[Cryptography] Do capabilities work? Do ACLs work?

Rob Meijer pibara at gmail.com
Thu Feb 12 14:31:27 EST 2015


2015-02-12 19:38 GMT+01:00 Jerry Leichter <leichter at lrw.com>:

> On Feb 12, 2015, at 3:12 AM, Rob Meijer <pibara at gmail.com> wrote:
>
> The reason Unix uses ACLs is because it was conceived in a time that it
> was suitable for time sharing systems where the software was trusted but
> other users could not. The model however is completely useless when as is
> mostly the case, the users can be trusted but the software they are running
> can not.​...
>
> I doubt this explanation.  The reason Unix (and Windows, and VMS) went
> with ACL's is that they were a relatively simple extension to what they
> already had:  Information on the files that defined access for well-defined
> groups of users.
>

​ACL' s are not an extension of the UGO system, the UGO system is an
example of a trivial and limited ACL system. But anyway, lets not get in a
semantics discussion.  My point is that systems like these found their
origin in the days of timesharing and the days before malware. A time when
having access control at the granularity of groups and users made sense. In
that setting, the out of band attribute of resource approach to access
control made perfect sense.

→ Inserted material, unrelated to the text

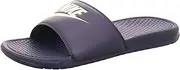 [Nike] Men's Benassi JDI Slides, Midnight Navy/Windchill, 9 US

So now as a result of that legacy, we are still
pretty much stuck with a system that has become rather a kludge when trying
to solve the  security concerns that arise on systems where the software
run by the users is trusted significantly less than the users themselves.
In today's thread landscape I would argue,  without the burden of  backward
compatibility, the choice for capabilities would have been obvious and non
of these systems would have opted for ACL based systems.